I’ve gone back to the bylaws, and Section 5 on “Terms of Directors” is very clear:
The initial board is staggered 1, 2, and 3 years;
After that, “directors shall be elected or appointed for terms of three (3) years”;
When a vacancy is filled, the replacement serves “the unexpired term that such director is filling”; and
“A decrease in the number of directors or in the term of office does not shorten an incumbent director’s term.”
There’s nothing in there that allows:
Converting a 3-year term into a 1-year or 2-year term, or
Creating a “currently vacant 2-year Director position” just by describing it that way in a notice.
Yet over the last couple of years we’ve repeatedly seen language in notices and minutes referring to things like:
“1-year” or “2-year” seats, and
“current 2-year position” (for example, in the March 19, 2024 special meeting notice).
Those descriptions don’t seem to come from a board vote to amend the bylaws; they appear to be informal attempts to force staggering by label rather than by the actual text of Section 5. As a result, the minutes now embed term lengths that don’t appear anywhere in the governing documents.
That leaves us with a basic dilemma:
If the bylaws say that (after the initial board) all directors have 3-year terms and vacancy-fillers serve the remainder of those 3-year terms, then the “1-year” and “2-year” seats described in our notices and minutes can’t be correct.
Because the 2024 minutes reflect those artificial term descriptions, it seems to me they can’t be approved “as written” without effectively endorsing something that conflicts with the bylaws.
Before I take this to the broader membership, I wanted to give you an opportunity to respond to that specific point:
Do you agree that, under Section 5, director terms after the initial board must be 3 years (or the remainder of a 3-year term), and
That describing seats as “1-year” or “2-year” without a proper bylaw amendment is inconsistent with the governing documents?
If you’re open to it, I would really like to see the 2024 minutes either:
Corrected to align with the actual bylaw term structure, or
At least flagged with a brief note that the term-length descriptions are disputed and subject to clarification.
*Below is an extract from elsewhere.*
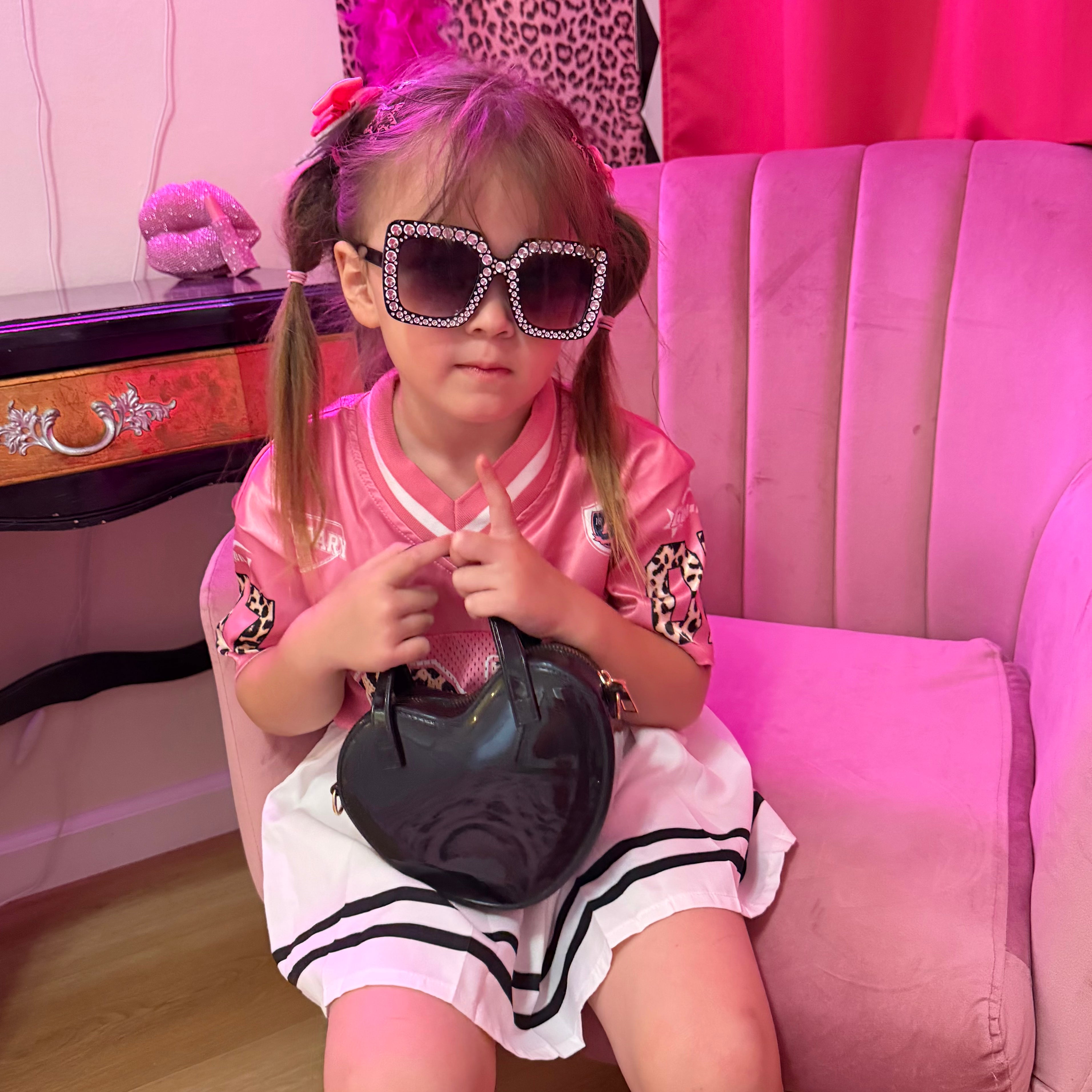 Heart Shaped Little Girl Purse & Sunglasses Gift Box | Mini Purse for Girls Ages 3–6 | Kids Purse Children Dress Up Purse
Given how soon the Annual Meeting is (December 2), I’m hoping we can resolve this by Monday or Tuesday so homeowners have a fair chance to understand what they’re voting to approve.
Thanks for considering this—this is a narrow issue, but it affects the integrity of the record going forward.
It also underlines the need for an element in Rep. Ricks proposed legislation that addresses practices by Boards or individual Directors who may be acting in good faith, but are misinterpreting the governing documents. I have some ideas on language that could be added to the bill to not only make it clearer to all HOA Boards and Directors, but would also give a new HOA Office a clearer way to address electoral disputes which arise frequently in Colorado, often leading to litigation.
You indicated a desire to participate in stakeholding, and addressing real-life disputes openly is generally part of this process. It is not meant to embarrass you or trigger defensiveness. I hope you understand my intentions are good-faith as well.